→ **DATA PROVIDED**:
========
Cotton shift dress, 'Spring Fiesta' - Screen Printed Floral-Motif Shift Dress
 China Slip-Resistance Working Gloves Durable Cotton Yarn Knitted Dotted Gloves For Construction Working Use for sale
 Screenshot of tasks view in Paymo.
========
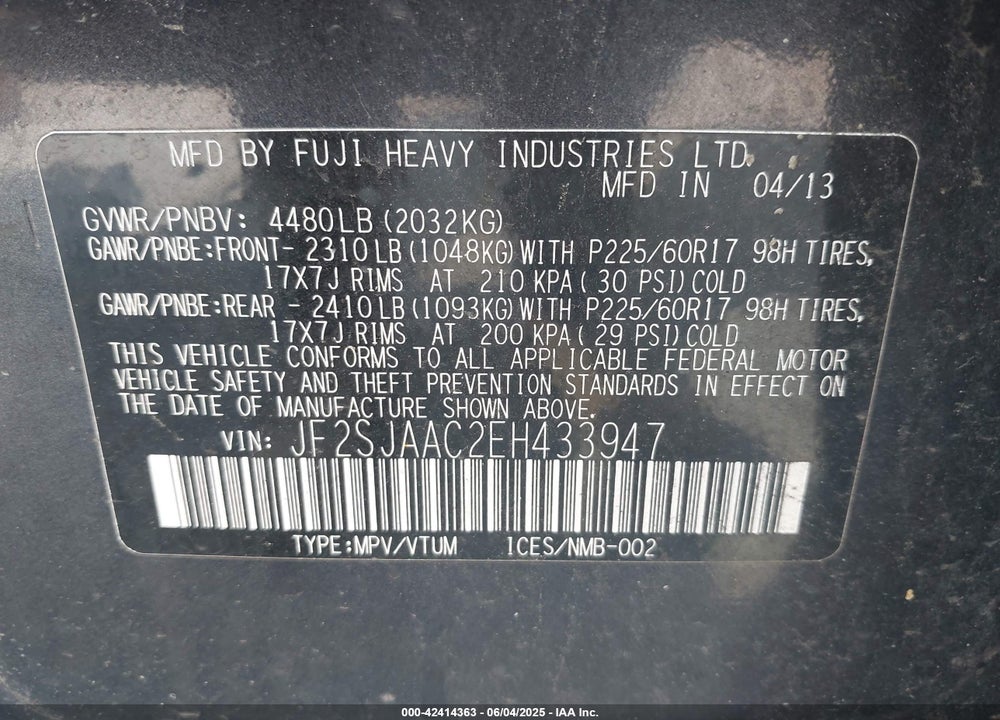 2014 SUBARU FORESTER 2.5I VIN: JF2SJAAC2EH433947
========
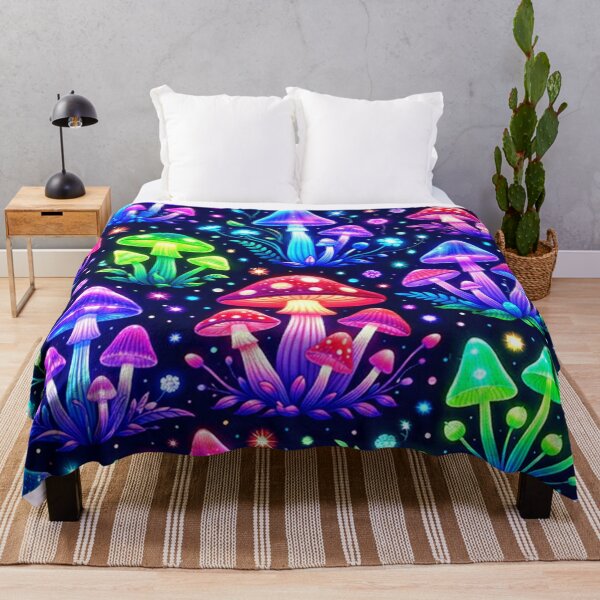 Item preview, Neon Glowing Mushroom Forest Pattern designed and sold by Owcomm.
========
→ **EXERCISE INSTRUCTIONS**: Of all the entries above, retype exactly the lines from the line with "China Slip-Resistance Working" to the line with "Screenshot of tasks view in Paymo.", both included, and no others.

→ **REPLY TO THE TASK**:
 China Slip-Resistance Working Gloves Durable Cotton Yarn Knitted Dotted Gloves For Construction Working Use for sale
 Screenshot of tasks view in Paymo.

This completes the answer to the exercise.